» **Problem description**
After finding the line that holds "Sun & Moon Motivational" below, set down that line and the rest through the final one exactly, leaving the pictures out.

Given data: Begin

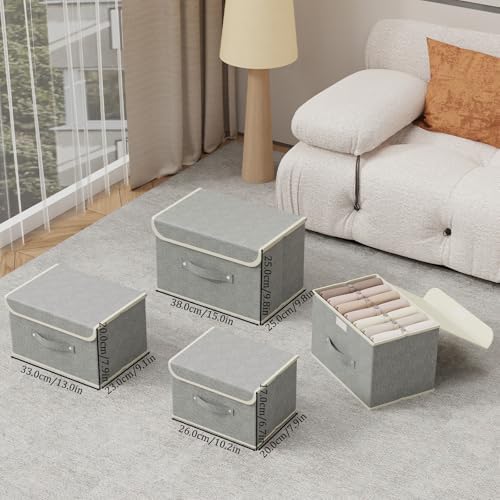 Foldable Fabric Storage Cubes with Lids,Grey 10.2x7.9x6.7in,5 Pack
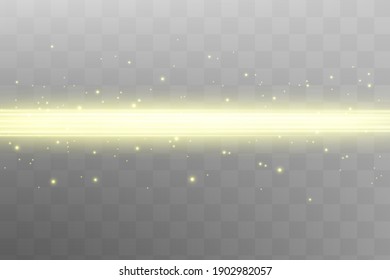 Abstract orange laser beam. Transparent isolated on black background. Vector illustration.the lighting effect.floodlight directional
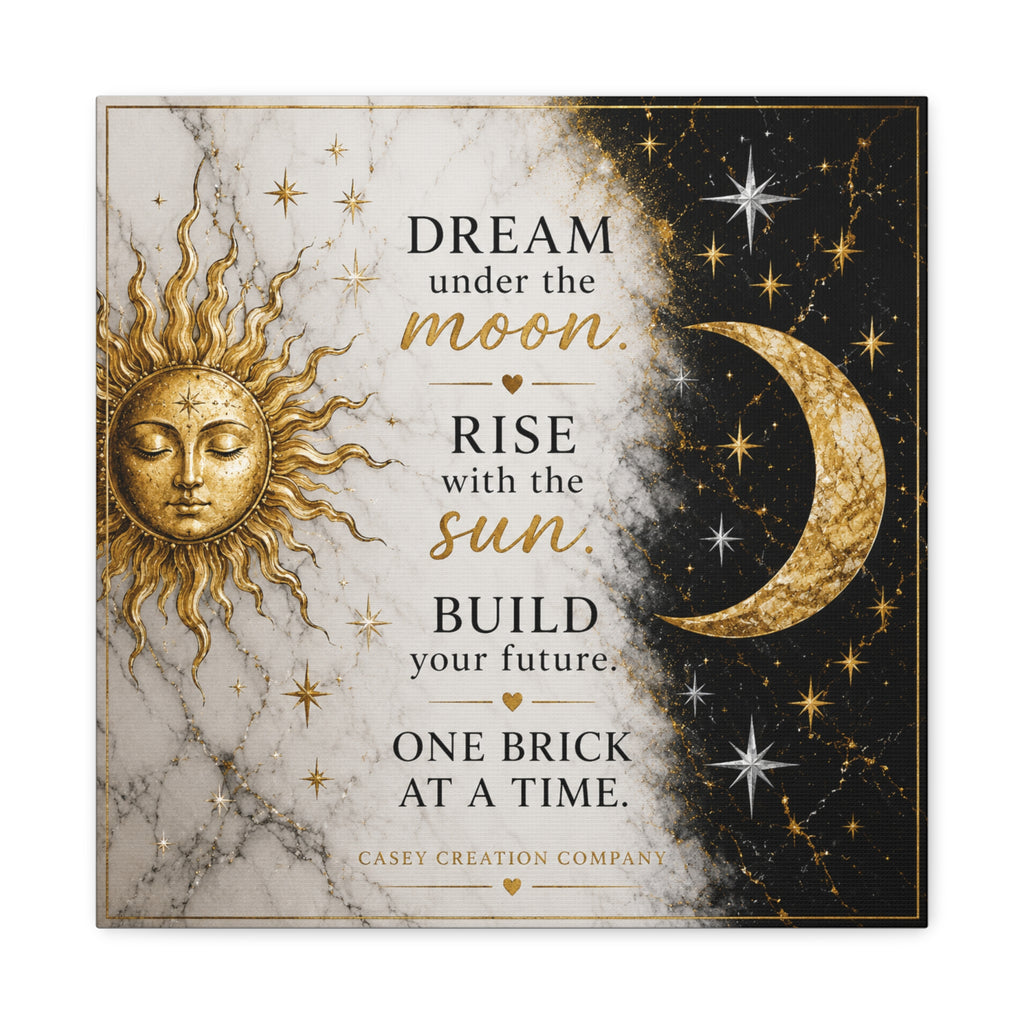 Sun & Moon Motivational Canvas - "Dream under the moon, Rise with the sun" Stretched Wall Art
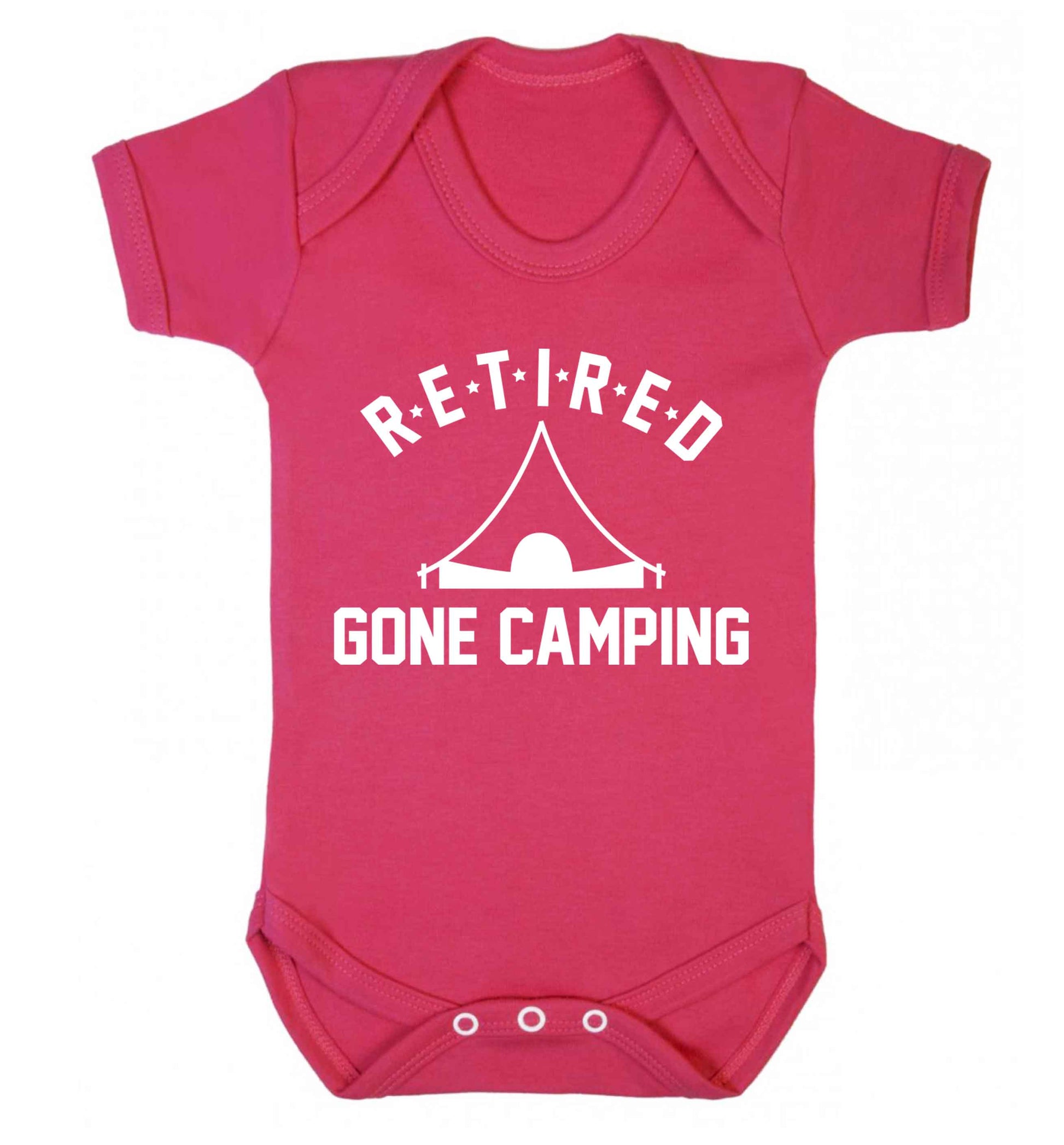 Retired gone camping Baby Vest dark pink 18-24 months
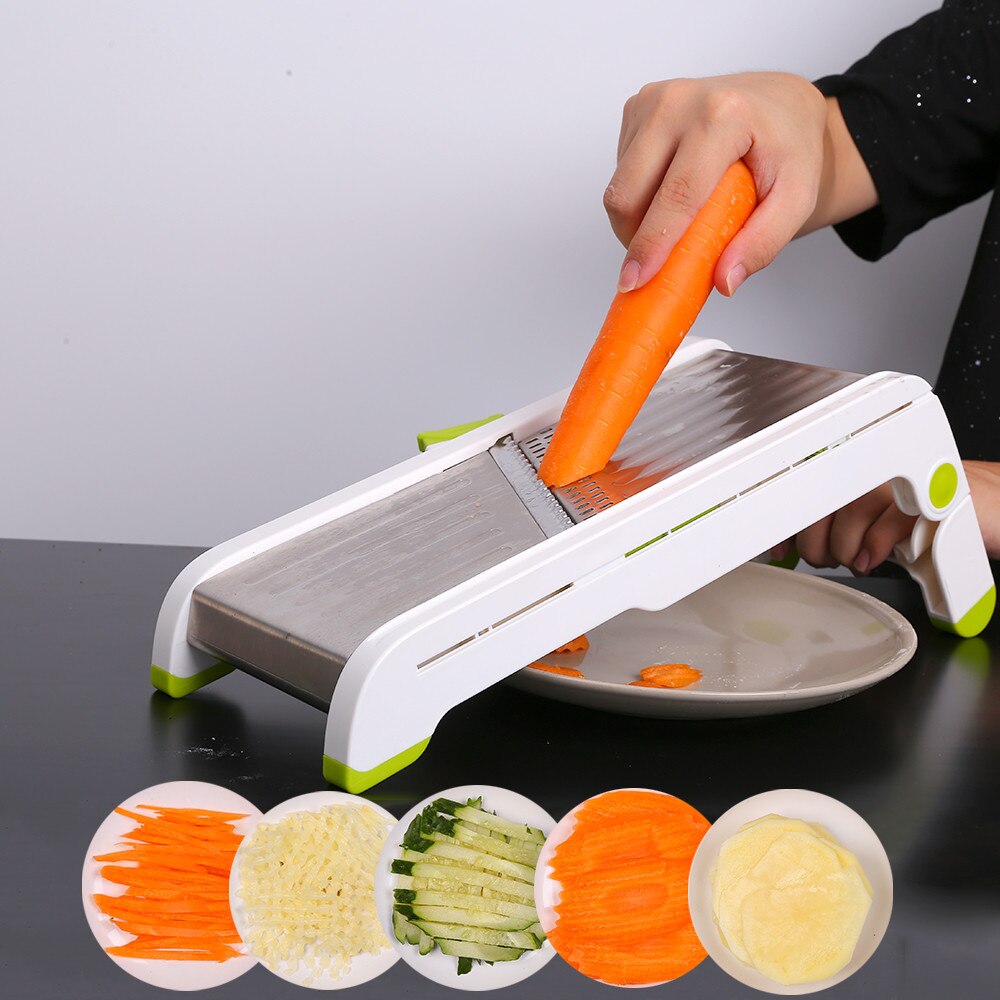 DEKO Manual Mandoline Slicer Kitchen Cutter Multifunctional Stainless Steel Vegetable Shredder Fruits Chopper Grater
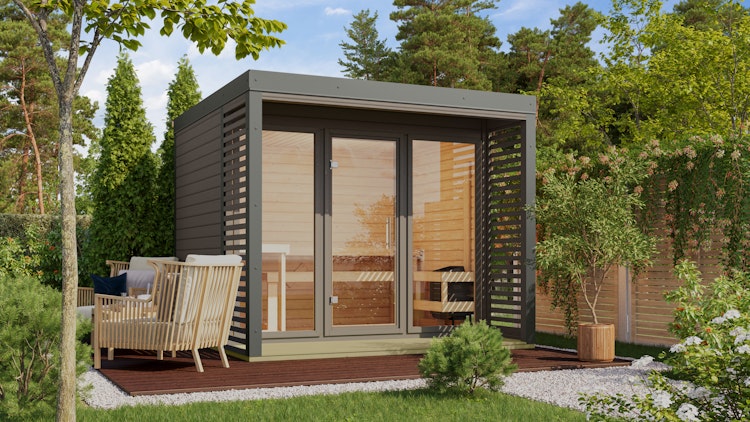 Karibu Saunahaus Ares 3 - Hybridhaus mit Metallrahmen - 38 mm inkl. gratis Sauna-Zubehörset im Wert von 234,94 €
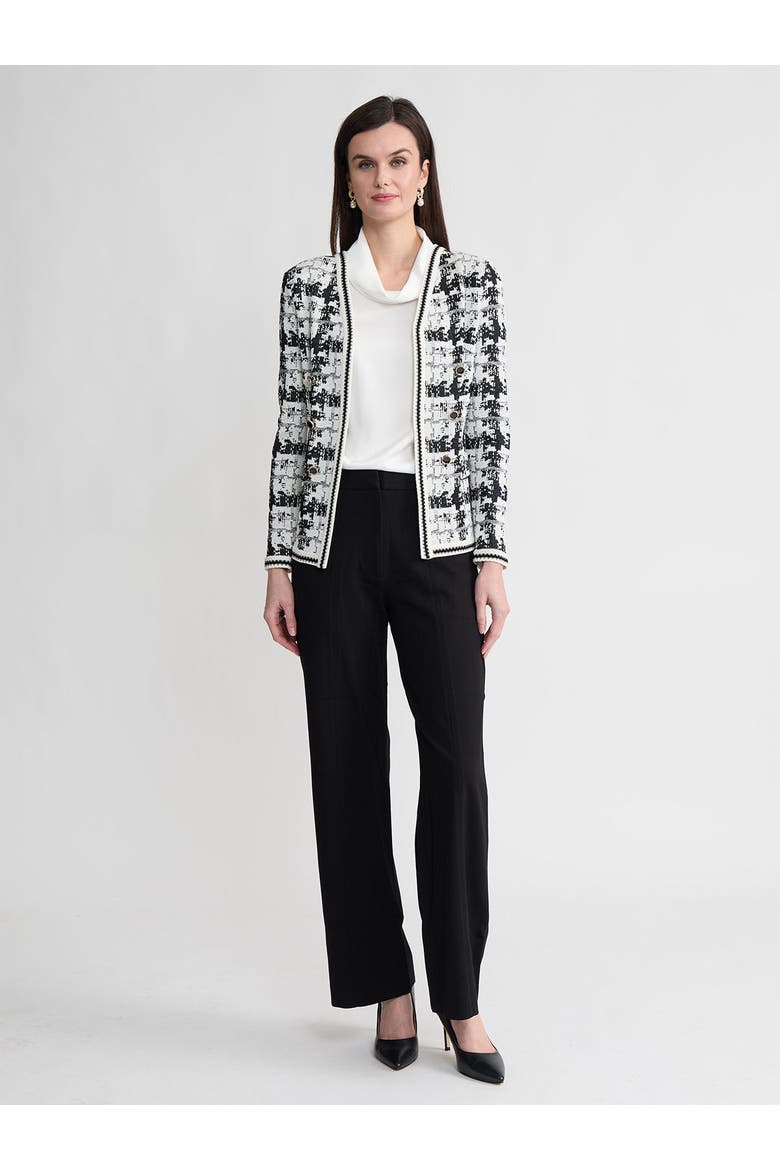 Tailored Faux Double Breasted Knit Jacket, Main, color, Black/New Ivory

Given data: End

» **Task output**
 Sun & Moon Motivational Canvas - "Dream under the moon, Rise with the sun" Stretched Wall Art
 Retired gone camping Baby Vest dark pink 18-24 months
 DEKO Manual Mandoline Slicer Kitchen Cutter Multifunctional Stainless Steel Vegetable Shredder Fruits Chopper Grater
 Karibu Saunahaus Ares 3 - Hybridhaus mit Metallrahmen - 38 mm inkl. gratis Sauna-Zubehörset im Wert von 234,94 €
 Tailored Faux Double Breasted Knit Jacket, Main, color, Black/New Ivory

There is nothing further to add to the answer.